Parsing WordML using XLinq
[Blog Map] This blog is inactive. New blog: EricWhite.com/blog
( This is a note added on 4/17/2008 - I just want to acknowege that the approach taken in this blog post is the wrong approach!! :-)
I first posted this on August 1, 2006, before I had the necessary functional programming epiphanies. To see the correct approach, go through this tutorial.

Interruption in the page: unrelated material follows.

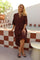 Karo Dress | Choco Brown | Kjole fra Liberté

----------------------------------------------------------------------
Recently, I had a problem where there wasn't a code testing harness that would do exactly what I wanted. I want to grab my code snippet directly from my word document, compile it, run it, and validate the output.
In more technical terms, I want to parse some WordML to grab text formatted with a given style. Further, I want to put a comment on the first line of the formatted text, and be able to grab the comment. The comment will contain the metadata that tells how to compile and run the code.
My word docs are stored in WordML (which is XML). My experiment was to see how easy it would be to pick apart the WordML using XLinq. This is the result.
First, I needed to see what the WordML looked like. If you open a WordML file, it is saved without any indenting, making it difficult to see the element tags, and the structure of the document. So I used the following program to indent the file:
using System;
using System.Collections.Generic;
using System.Text;
using System.Xml;
namespace Indent
{
class Program
{
static void Main(string[] args)
{
foreach (string s in args)
{
XmlDocument doc = new XmlDocument();
doc.Load(s);
string newName = s.Substring(0, s.Length - 4) + "_Indented.xml";
XmlTextWriter writer = new XmlTextWriter(newName, null);
writer.Formatting = Formatting.Indented;
doc.Save(writer);
}
}
}
}
The word doc that we're using for this sample is attached to this blog entry.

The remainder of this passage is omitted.